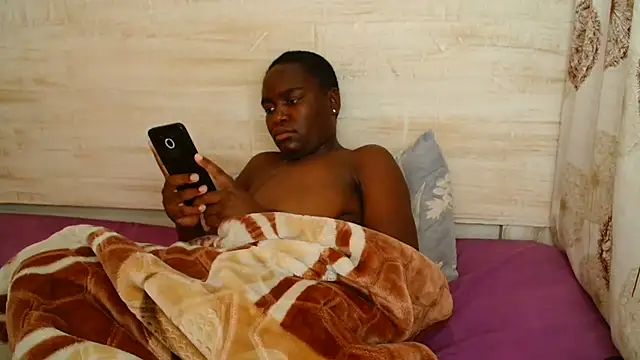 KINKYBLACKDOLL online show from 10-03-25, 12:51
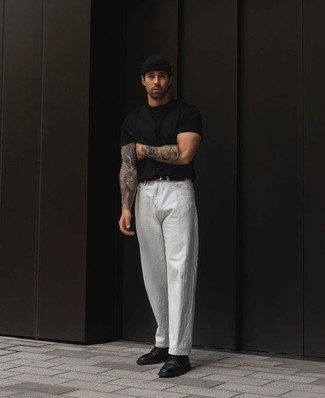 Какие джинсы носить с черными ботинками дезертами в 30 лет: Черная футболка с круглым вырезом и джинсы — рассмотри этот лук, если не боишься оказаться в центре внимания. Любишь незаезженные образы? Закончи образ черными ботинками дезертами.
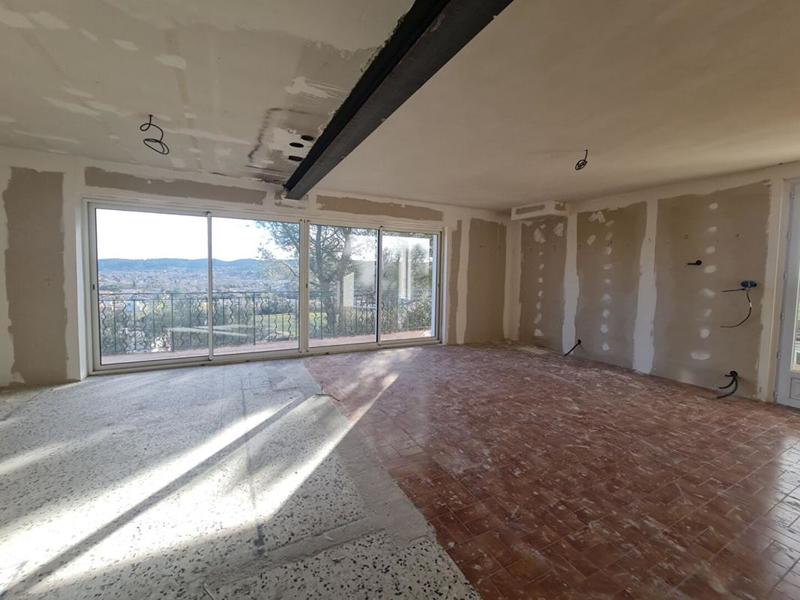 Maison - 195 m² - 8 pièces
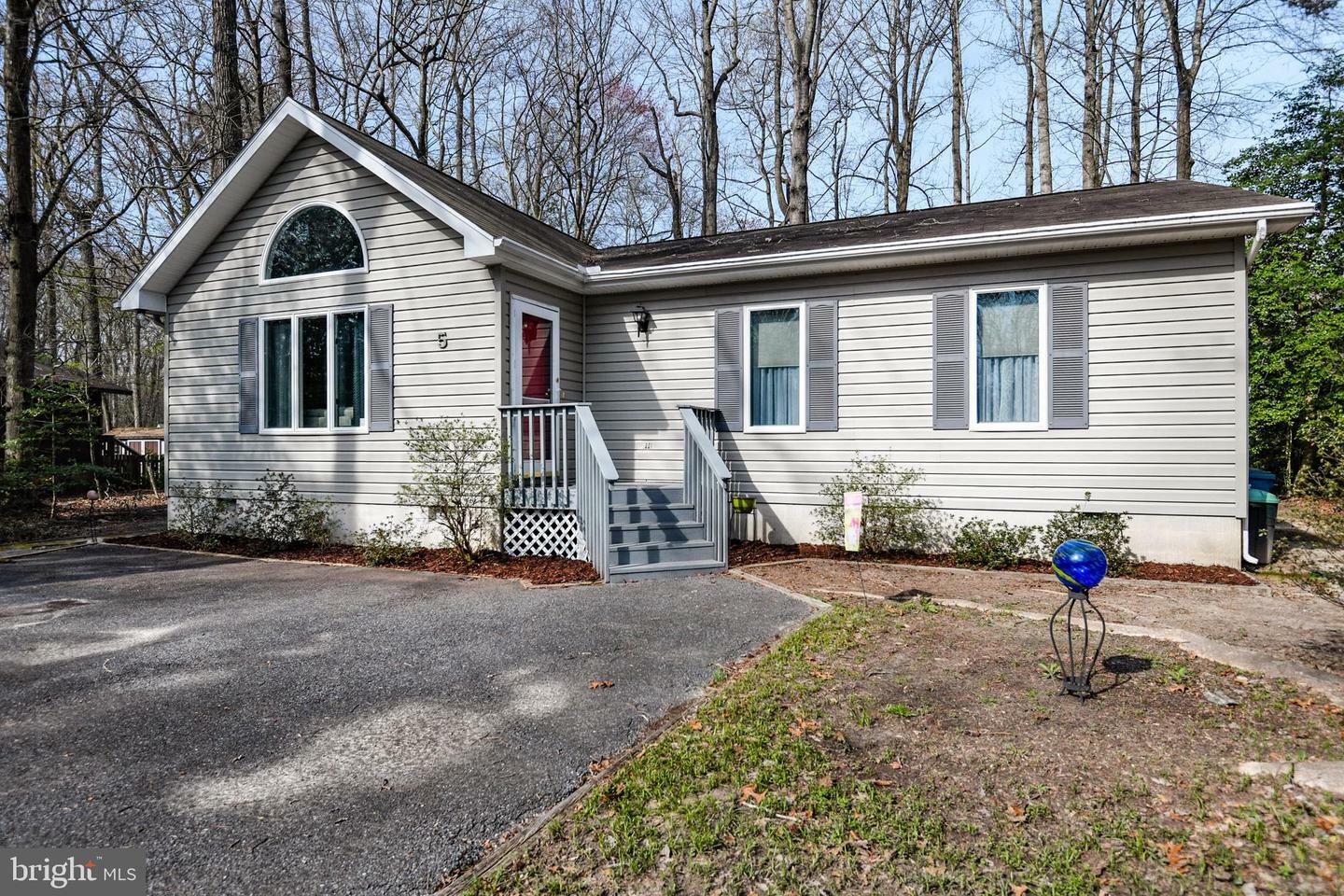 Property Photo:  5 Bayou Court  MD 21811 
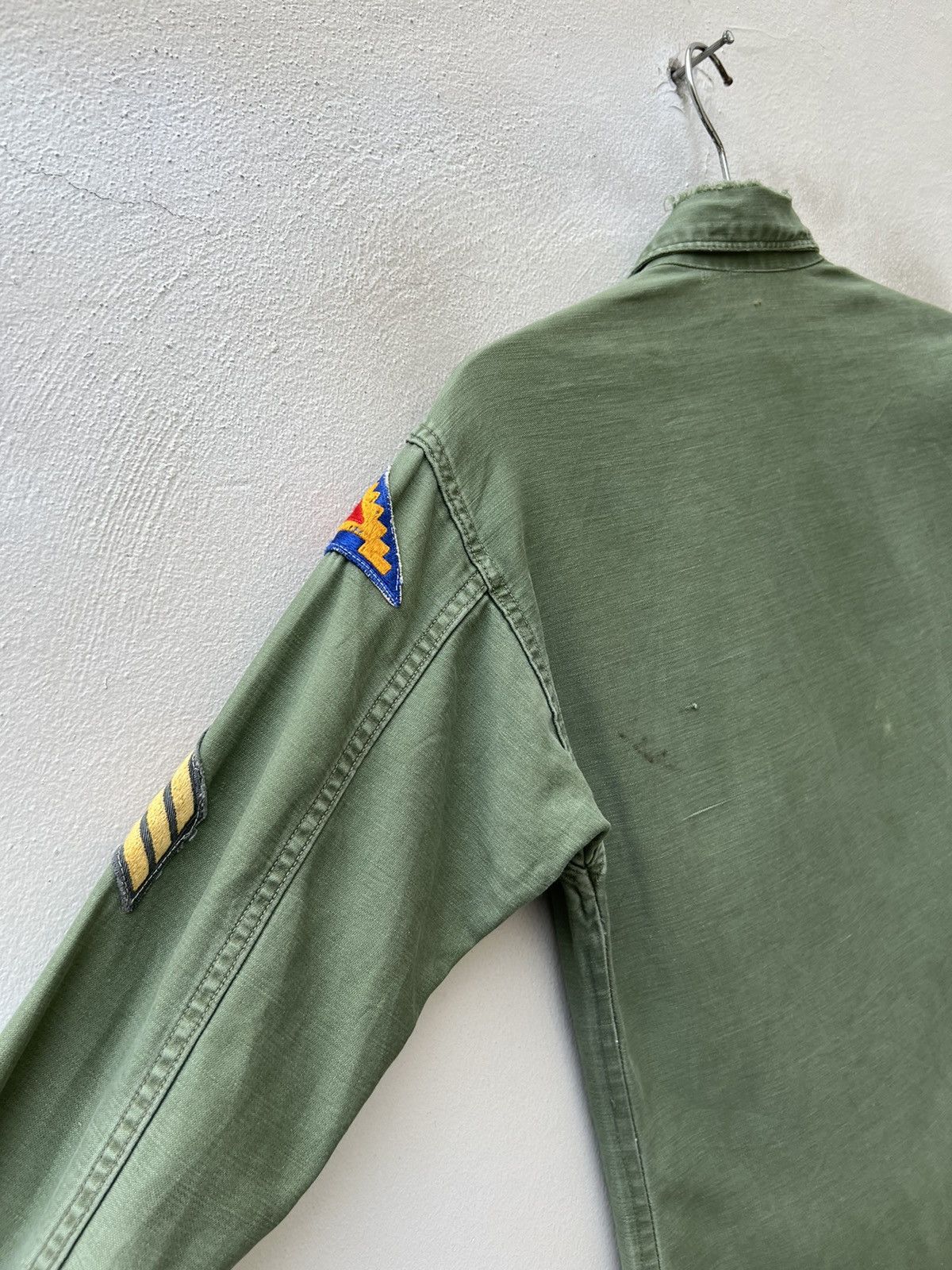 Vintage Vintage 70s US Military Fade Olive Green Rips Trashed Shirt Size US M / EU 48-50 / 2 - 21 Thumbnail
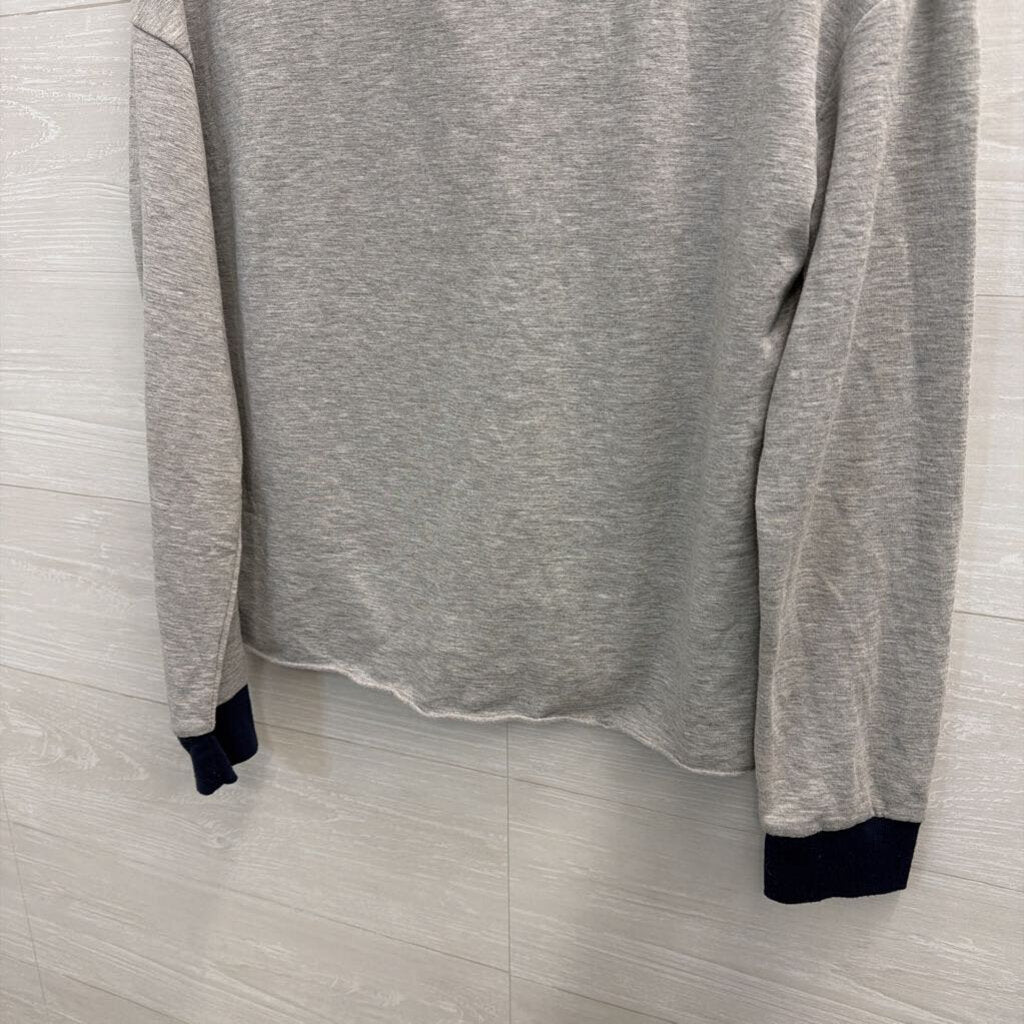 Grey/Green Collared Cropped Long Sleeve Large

○ ○ ○

**Problem details**
Only the lines from the line holding "Vintage Vintage 70s" through the last line above belong in the answer, repeated exactly; the pictures do not.

**Written answer**
 Vintage Vintage 70s US Military Fade Olive Green Rips Trashed Shirt Size US M / EU 48-50 / 2 - 21 Thumbnail
 Grey/Green Collared Cropped Long Sleeve Large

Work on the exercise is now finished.